→ Work order: Repeat the span of the entries below that starts at the line with "2025年最新】quizknock アクリルキーホルダーの人気アイテム - メルカリ" and ends at the line with "Hyundai AVANTE 2.0", nothing more. Skip the pictures.

→ Records for the task:
====
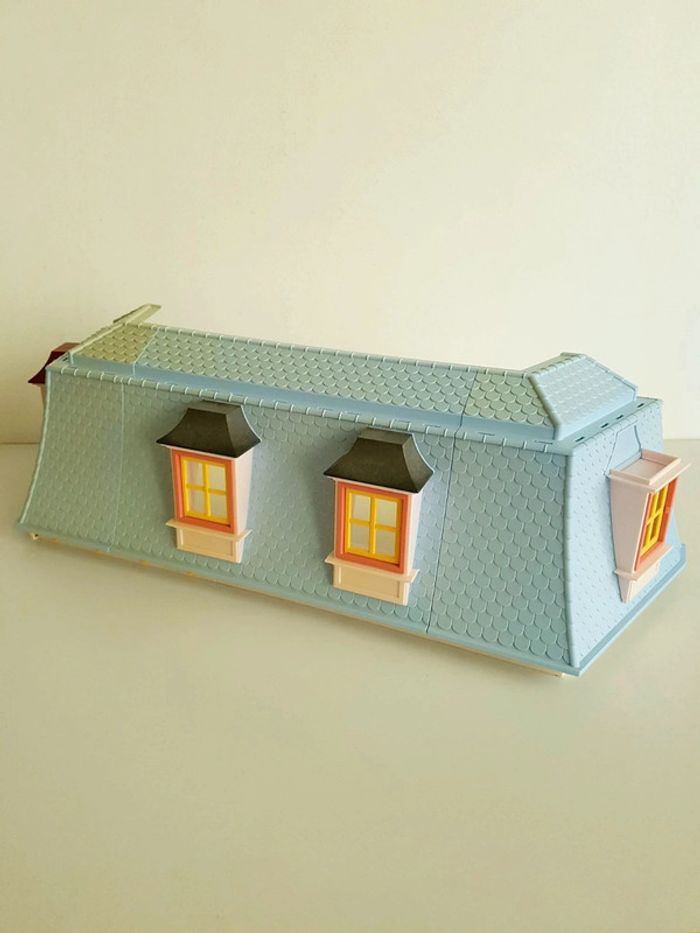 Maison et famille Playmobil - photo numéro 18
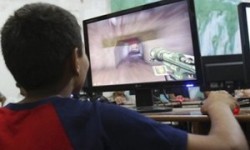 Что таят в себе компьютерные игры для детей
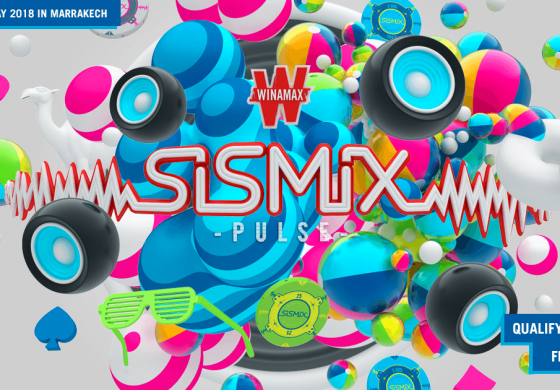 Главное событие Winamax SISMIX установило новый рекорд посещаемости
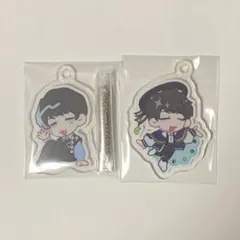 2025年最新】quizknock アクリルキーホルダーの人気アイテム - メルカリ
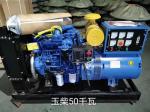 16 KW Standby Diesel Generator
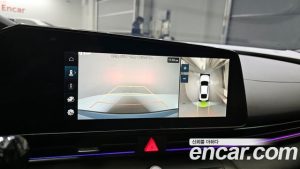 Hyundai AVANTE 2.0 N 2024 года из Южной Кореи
====
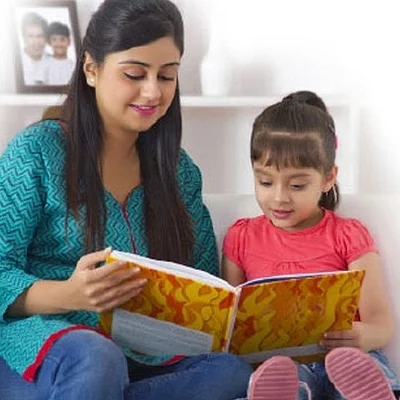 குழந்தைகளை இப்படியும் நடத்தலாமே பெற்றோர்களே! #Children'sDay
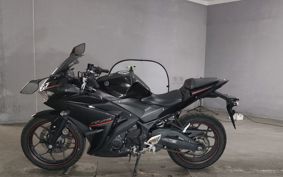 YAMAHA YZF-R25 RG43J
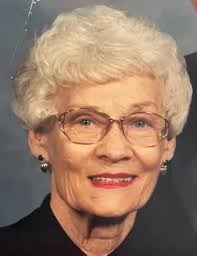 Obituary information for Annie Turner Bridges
====
→ Problem solution:
 2025年最新】quizknock アクリルキーホルダーの人気アイテム - メルカリ
 16 KW Standby Diesel Generator
 Hyundai AVANTE 2.0 N 2024 года из Южной Кореи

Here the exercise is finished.